| WHAT TO PRODUCE |
Word-for-word transcription: reproduce all of the data, but not the pictures.

| SUPPLIED MATERIAL |

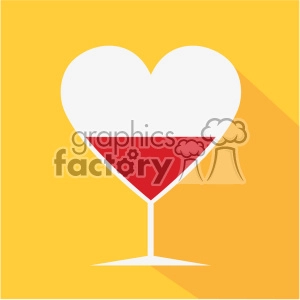 heart shaped glasses with wine vector art flat design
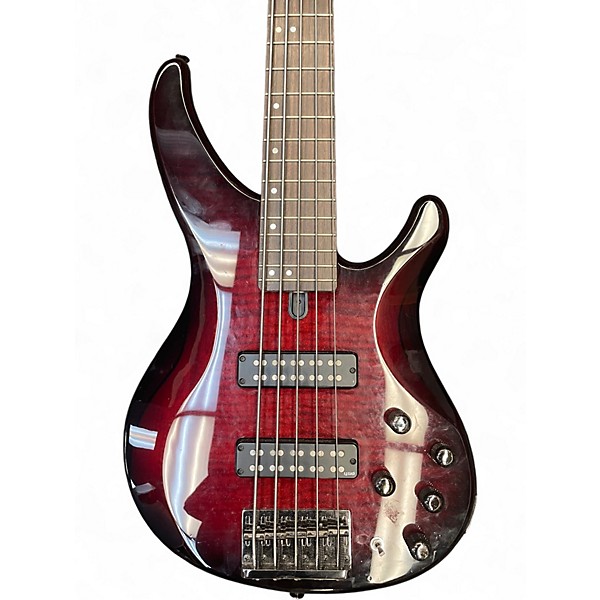 Used Yamaha TRBX605FM Dark Red Burst Electric Bass Guitar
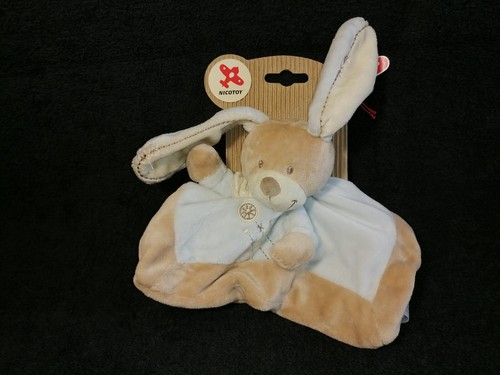 Doudou plat lapin - , bleu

| WRITTEN SOLUTION |
 heart shaped glasses with wine vector art flat design
 Used Yamaha TRBX605FM Dark Red Burst Electric Bass Guitar
 Doudou plat lapin - , bleu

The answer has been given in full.